Work task: Transcribe the whole listing exactly, but do not carry over its pictures.

*** Supplied information ***

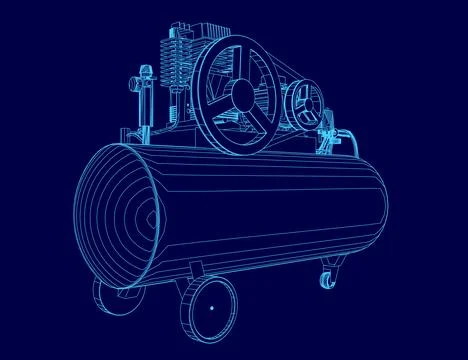 Blue drawing of a compressor. The compressor is a machine that is used to Stock Illustration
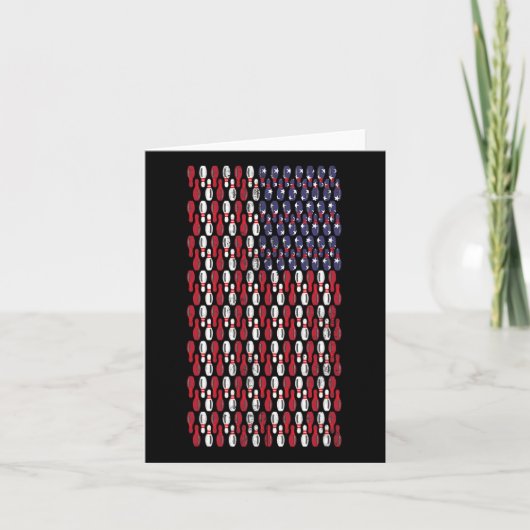 Grappig Bowling Pin Amerikaanse vlag ontwerp Kaart (Voorkant)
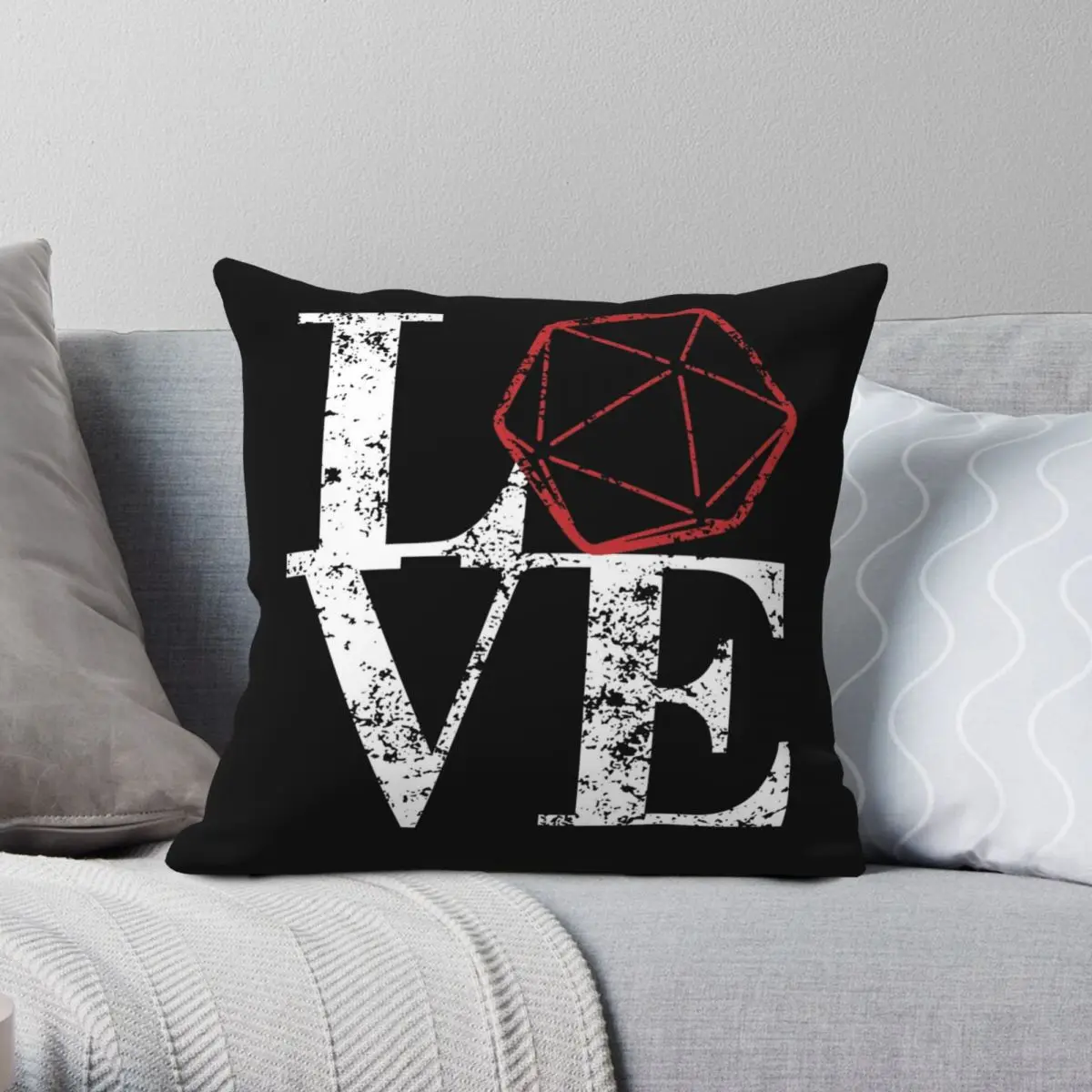 

LOVE D20 Square Pillowcase Polyester Linen Velvet Printed Zip Decor Bed Cushion Cover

*** End of Supplied information ***

Your solution:
 Blue drawing of a compressor. The compressor is a machine that is used to Stock Illustration
 Grappig Bowling Pin Amerikaanse vlag ontwerp Kaart (Voorkant)

LOVE D20 Square Pillowcase Polyester Linen Velvet Printed Zip Decor Bed Cushion Cover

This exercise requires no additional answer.